When the goal is to compare more than two groups, analysis of variance (ANOVA) is a commonly used procedure. The goal of this tutorial is to provide an introduction to the simplest form of ANOVA, the One-Way ANOVA, which has a continuous outcome and one categorical variable indicating the groups to be compared.
When we have more than two groups to compare, we have the problem of multiple comparisons. Let \(J\) be the number of independent groups we wish to compare. For example,
There are two goals when comparing more than two groups. First, we want to evaluate the omnibus test of whether there is systematic variability among the population means. If there is evidence of such variability, the second goal is to determine which means are different.
This tutorial focuses on the first goal, and the tutorial on multiple comparisons addresses the second.
We used the t test to compare 2 groups.
How can we compare more than 2 groups?
Why not just conduct multiple t tests?
The difference between the ANOVA and t-test is primarily related to the Independent Variable.
While a t-test requires an IV with only two levels, ANOVA allows us to use IVs with more than two levels.
We can also test multiple IVs and their combinations (more on this in later).
So, in short:
Normality - We assume a normal population distribution for the dependent variable for each group. ANOVA is generally robust to violations of normality.
Homogeneity of Variances - We assume that the population variance is the same for each group.

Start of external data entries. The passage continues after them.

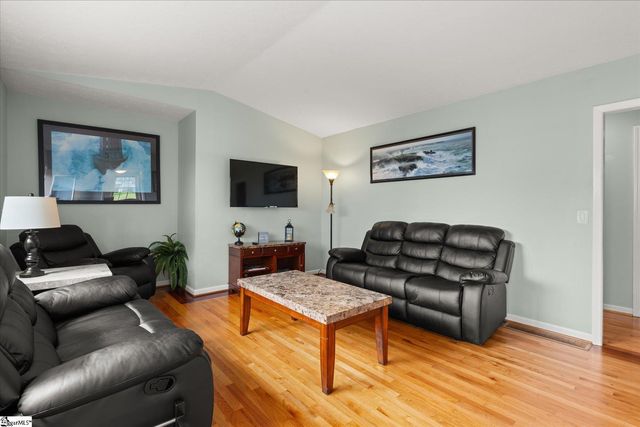 7 Bubbling Creek Drive, Travelers Rest, SC 29690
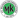 Mandalskameratene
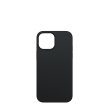 NEXT ONE SILICON CASE MAGSAFE COMPATIBLE FOR IPHONE 13 MINI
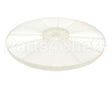 9330-003-45-66 Jackson Conveyor Moulded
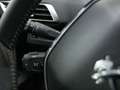 Peugeot 3008 1.5 BlueHDi 96kW (130CV) S&S Active Pack Blanco - thumbnail 8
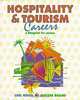 Hospitality and Tourism Careers: A Blueprint for Success, Carl Riegel, Melissa Dallas 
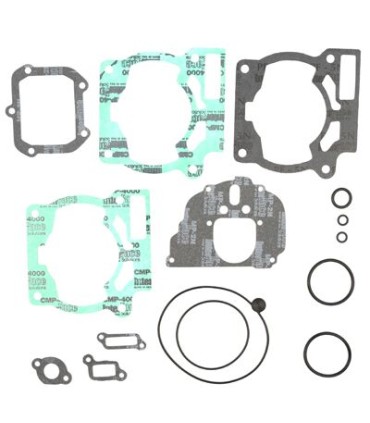 GASKET KIT TOP END KTM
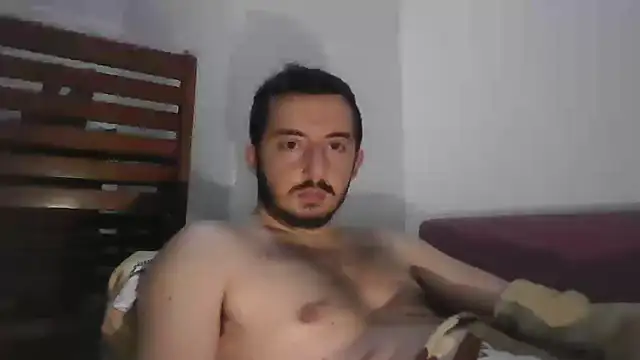 laynufff online show from 12/06/24, 03:33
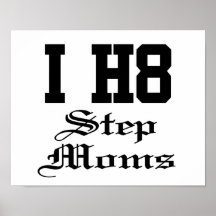 step moms poster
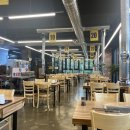 왕숯불민물장어 이미지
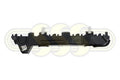 Genuine Hyundai Sonata Bar Bracket Slide Left Hand Front (06/21-06/23)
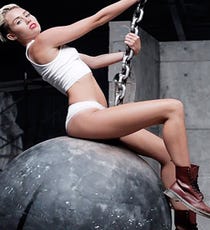 wreckingball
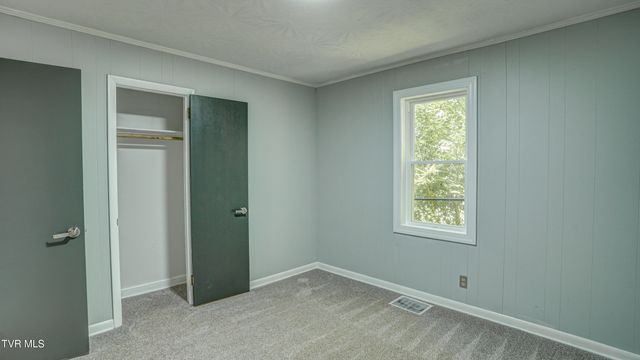 401 Wilma Street, Kingsport, TN 37665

ANOVA is generally robust to mild violations of this assumption.
Statistical Independence - We assume that the scores are independent of each other. ANOVA is NOT robust to violations of independence. So, if this assumptions is questionable, your results could be very misleading.
Random Sampling - We assume that individuals in each group were randomly sampled from their respective populations. ANOVA is also NOT very robust to violation of this assumption. If you sample does not represent your population of interest, you must really be careful with the inferences you make.
LeveneTest
function from the car
package in R.\[ H_0: \sigma^2_{\mu} = 0. \]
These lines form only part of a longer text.